Top producers remain on Wall Street for three reasons, although there are indications this could change over the next few years. Here’s why the predicted exodus has never taken place.
1. Top producers are still very much capital markets pros. While they are considered wealth advisors, they like to think of themselves as Wall Street’s equivalent of the neurosurgeon. They use sophisticated techniques and products only a few understand. For example, for someone with $10 million or more in investable assets, capital markets pros may use total return swaps, synthetic indexes or other OTC derivative structures to express an investment opinion.
Service providers, such as custodians, have not evolved to provide these services yet. Many top advisors also manage money and will also require sophisticated trading software that allows straight-through-processing on their multiple custodians using FIX trading capabilities.
2. Top producers like being paid like capital markets pros. Using exotic strategies and solutions often pays outsized commissions. OTC derivatives remain one of the most profitable divisions for Wall Street, and large profits equate to large commissions. This kind of profitability is difficult to recreate as an independent advisor.
3. Top producers are still locked up. The financial crisis motivated the wirehouses to be “generous” with seven-year retention packages for top producers. Five years after the Great Recession, the lock-ups are rolling off, and it’s a much different world today. The market is up, the old management command structure just doesn’t feel right, and younger investors are turning their backs on Wall Street.
When Will They Move?
From our vantage point, we see indications that top producers are considering a life after Wall Street. More and more corner office Wall Street brokers are talking to us at Sanctuary. That dialogue with Wall Street’s best and brightest is likely to accelerate for the following reasons.
First, service providers are recognizing the need to build platforms that cater to this population of advisors, which is small in number but large in client assets. To run their businesses as they do on Wall Street, brokers need service providers to address their needs. It is only a matter of time before someone offers the right combination of solutions.
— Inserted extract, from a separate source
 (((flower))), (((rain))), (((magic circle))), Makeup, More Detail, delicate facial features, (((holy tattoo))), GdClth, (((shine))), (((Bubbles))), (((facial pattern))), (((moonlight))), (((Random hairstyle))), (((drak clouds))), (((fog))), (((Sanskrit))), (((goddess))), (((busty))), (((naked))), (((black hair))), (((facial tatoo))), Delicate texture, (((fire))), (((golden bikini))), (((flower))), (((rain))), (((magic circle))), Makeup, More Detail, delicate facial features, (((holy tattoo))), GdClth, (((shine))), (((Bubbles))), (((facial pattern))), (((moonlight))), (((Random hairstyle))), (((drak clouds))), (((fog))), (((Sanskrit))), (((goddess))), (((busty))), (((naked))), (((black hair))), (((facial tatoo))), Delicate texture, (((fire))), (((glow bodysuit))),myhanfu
Next, it’s becoming increasingly clear that top producers who break away can deliver the same results without all that financial engineering. It may be less exciting and provide less short-term income, but there’s a big upside: Unconflicted solutions offered by independent wealth advisors are much more attractive to ultra-high-net-worth clients. Eliminating large commissions also delivers better pricing to the client. Add in the safety of global custody, and your clients will be willing to invest more capital with you. That will more than make up for the lost commissions.
Finally, the Wolf Of Wall Street  days at the wirehouses aren’t coming back any time soon. More regulation and tighter management means that paydays will be smaller. Compliance and paperwork will consume a greater amount of time. Already, there is a shrinking amount of flexibility.
At the same time, younger generations of wealth investors aren’t looking to Wall Street for answers. Today, Gen Xers and Gen Yers think as much about the social impact of their portfolio as the financial. They want an advisor who shares their values. Wall Street will never win that battle for the soul of the Millennial investor. The ethical and sophisticated independent is way ahead.
Breakaway pioneers like Bel Aire, Luminous, BBR and Constellation Wealth left Wall Street because they identified these trends early. They profited handsomely. Top producers who make the break can also realize significant financial rewards, but also more control, less hassle and more time to enjoy life.
Time will tell if this proposition finally makes Sallie change her opinion.